Tuesday, July 31, 2012

Love Letter

Dear Sam,

You're two, almost three. It's a tough age. For both of us. Lately I've been asking myself why you are such a dick so much of the time. Is it because you have a new sister who you have to share us with? Is it just "the age"? Or is it me? Do I expect too much from you? Am I too strict and need to chill out?

But today I had a bit of a realization about this boundary testing you are doing, this quest for control that you have undertaken.

Took me long enough, but here it is.

Sam, my darling boy. My sweet, funny, bright, two-almost-three-year-old . . .

The rules will always be the same. You are never allowed to bite your sister's nose or run over the cat with your bike. You must share your toys with your friends if you expect them to share with you. Hitting me will always gain you a time out. If you throw things, they will be taken away for the rest of the day. You must say please and thank you.

Your routine will always be stable. We never watch TV before breakfast. There will be meals and snacks at regular, predictable times, and for-the-love-of-my-sanity we always have quiet time after lunch so please stop telling me you don't want to!! You will wash your hands after using the toilet. You will use soap. Before bed you have a bath, brush your teeth and we read books together . . . after which I expect you to actually GO TO BED. Tomorrow we will do it all again.

The answers to certain questions will always be the same, so - omg - you can stop asking!!! Yes, that is Lucy. No, you may not jump on the bed while she is laying there. Yes, I'm making you french toast. No, the coffee table is not a Sam table so please get down off of it. No, you may not play with the nail clippers. Because you could cut yourself. No, no, no. Because, because, because.

Yes, that is wine in my glass. No, you can't have any.

But most importantly, Sam, I will always love you. No matter how often you throw your toys or don't share. No matter how many time-outs I give. No matter how impatient I get with your repetitive questions or whining refusal to cooperate. No matter how strict I may seem, or how high I set the bar for you.

No matter how many babies I have after you.

I will ALWAYS love you more than you can imagine.
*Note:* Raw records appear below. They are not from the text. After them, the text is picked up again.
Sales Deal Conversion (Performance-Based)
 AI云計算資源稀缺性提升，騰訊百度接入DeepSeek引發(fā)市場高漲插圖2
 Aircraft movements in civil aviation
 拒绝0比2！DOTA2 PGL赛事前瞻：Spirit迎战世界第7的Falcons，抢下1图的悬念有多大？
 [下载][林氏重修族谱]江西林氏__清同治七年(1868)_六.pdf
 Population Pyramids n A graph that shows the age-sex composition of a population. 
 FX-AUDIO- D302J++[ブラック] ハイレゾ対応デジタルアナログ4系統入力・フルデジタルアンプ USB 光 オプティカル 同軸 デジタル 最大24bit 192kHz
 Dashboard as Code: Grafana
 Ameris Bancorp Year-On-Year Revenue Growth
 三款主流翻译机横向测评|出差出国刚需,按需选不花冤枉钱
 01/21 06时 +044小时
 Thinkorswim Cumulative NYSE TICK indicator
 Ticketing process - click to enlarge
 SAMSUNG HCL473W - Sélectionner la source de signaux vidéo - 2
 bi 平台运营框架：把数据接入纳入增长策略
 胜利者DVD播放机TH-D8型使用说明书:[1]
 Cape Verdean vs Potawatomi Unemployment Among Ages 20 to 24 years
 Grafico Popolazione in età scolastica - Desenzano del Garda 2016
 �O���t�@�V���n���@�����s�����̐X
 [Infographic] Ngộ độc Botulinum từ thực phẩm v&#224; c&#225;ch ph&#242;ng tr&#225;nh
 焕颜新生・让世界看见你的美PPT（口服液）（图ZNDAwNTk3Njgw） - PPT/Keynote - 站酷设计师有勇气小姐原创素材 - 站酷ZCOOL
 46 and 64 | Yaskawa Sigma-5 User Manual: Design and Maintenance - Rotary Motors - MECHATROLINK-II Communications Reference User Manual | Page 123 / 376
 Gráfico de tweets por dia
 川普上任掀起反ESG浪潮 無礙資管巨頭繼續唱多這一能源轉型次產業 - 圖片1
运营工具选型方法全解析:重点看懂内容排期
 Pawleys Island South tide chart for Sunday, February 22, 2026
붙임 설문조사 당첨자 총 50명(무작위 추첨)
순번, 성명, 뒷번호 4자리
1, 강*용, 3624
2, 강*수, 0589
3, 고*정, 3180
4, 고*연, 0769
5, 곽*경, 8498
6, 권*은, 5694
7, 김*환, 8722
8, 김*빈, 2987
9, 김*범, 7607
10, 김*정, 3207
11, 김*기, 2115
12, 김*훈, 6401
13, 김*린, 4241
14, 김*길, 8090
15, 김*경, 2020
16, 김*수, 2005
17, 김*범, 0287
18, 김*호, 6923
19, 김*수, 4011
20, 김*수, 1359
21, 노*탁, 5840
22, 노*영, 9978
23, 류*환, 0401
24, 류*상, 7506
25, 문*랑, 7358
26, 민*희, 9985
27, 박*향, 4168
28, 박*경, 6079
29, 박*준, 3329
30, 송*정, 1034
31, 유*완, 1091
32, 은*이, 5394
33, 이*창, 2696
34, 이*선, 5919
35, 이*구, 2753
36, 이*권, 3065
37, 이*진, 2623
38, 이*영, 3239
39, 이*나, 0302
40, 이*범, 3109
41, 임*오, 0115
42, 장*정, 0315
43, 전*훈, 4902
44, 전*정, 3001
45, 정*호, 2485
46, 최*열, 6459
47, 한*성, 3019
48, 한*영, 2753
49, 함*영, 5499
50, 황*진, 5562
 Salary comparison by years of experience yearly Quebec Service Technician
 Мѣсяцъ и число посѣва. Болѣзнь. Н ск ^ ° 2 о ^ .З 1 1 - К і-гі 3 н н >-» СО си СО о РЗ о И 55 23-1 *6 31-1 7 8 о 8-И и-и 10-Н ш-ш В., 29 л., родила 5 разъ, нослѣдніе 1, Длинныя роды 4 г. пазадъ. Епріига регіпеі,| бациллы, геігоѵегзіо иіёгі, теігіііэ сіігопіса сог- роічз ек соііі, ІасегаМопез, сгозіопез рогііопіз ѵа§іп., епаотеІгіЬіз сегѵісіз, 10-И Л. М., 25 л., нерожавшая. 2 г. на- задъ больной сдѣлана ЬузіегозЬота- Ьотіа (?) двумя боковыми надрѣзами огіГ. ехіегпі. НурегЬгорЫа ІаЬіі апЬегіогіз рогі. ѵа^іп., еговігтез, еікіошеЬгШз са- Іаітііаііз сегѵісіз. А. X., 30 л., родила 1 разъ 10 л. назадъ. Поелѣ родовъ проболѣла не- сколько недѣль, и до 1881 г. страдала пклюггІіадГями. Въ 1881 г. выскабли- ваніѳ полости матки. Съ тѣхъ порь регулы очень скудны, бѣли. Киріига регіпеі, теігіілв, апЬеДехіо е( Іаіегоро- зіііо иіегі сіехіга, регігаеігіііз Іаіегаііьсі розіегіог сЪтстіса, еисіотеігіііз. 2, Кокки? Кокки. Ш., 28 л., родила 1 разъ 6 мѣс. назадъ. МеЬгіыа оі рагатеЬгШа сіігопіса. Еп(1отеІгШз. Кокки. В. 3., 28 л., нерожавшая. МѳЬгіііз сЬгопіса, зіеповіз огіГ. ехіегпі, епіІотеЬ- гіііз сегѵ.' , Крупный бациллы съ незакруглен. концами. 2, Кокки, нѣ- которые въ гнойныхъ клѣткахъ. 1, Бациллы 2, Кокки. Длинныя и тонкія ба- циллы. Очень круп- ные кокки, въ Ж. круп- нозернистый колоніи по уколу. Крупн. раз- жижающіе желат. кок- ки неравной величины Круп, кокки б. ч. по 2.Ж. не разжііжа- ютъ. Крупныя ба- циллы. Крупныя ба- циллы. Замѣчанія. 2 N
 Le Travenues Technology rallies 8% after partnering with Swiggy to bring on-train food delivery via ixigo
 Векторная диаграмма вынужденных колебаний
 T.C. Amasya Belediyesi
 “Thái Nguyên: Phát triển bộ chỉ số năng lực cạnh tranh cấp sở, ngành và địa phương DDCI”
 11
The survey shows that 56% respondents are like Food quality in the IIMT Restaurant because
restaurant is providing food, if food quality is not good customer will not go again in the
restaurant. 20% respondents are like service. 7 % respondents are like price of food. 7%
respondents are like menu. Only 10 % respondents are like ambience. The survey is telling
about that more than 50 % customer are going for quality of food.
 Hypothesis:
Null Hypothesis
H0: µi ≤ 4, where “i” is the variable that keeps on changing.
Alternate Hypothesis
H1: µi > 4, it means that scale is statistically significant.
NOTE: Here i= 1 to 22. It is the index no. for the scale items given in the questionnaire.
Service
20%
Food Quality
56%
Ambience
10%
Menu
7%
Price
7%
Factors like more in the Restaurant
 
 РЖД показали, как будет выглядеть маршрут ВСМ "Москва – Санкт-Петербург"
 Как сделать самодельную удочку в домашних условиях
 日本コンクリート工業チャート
And I know that you are just experimenting to discover which boundaries of your universe are absolute and which can be bent to your will. I get that. So I will try to be more patient, more understanding, more enthusiastic. I will try to remember that everything is a big deal to you, even if it is terribly mundane to me. And I will take a deep breath before losing my cool and practice saying yes more often than no.

When I'm having difficulty enjoying your company, I'll try to add to this list:

I love watching your little brain work when you're trying to figure something out.
I love the expression on your face when I've given you an answer that you know is not true. Don't worry, it's just sarcasm. You'll become very familiar with it.
I love your belly laugh.
I love when you come cuddle with me in the morning after dad leaves for work.
I love how you kiss your little sister goodnight.

You're a cool little dude, Sam. I like hanging out with you and watching the person you are growing into.

xoxox  Mum








1 comment:

  1. As I read this during an ungodly hour nursing session, I awake my husband by saying out loud "J, I fu@{!n' love you." (And must then clarify to my groggy, half asleep husband).
    Thank you for being so honest (and funny). It is reassuring to know that I am not the only mother with a 3 year old "Richard".
    PS. Great theme, great pics. I, was too tired (or lazy) to plan anything more elaborate than a family dinner and a DQ cake.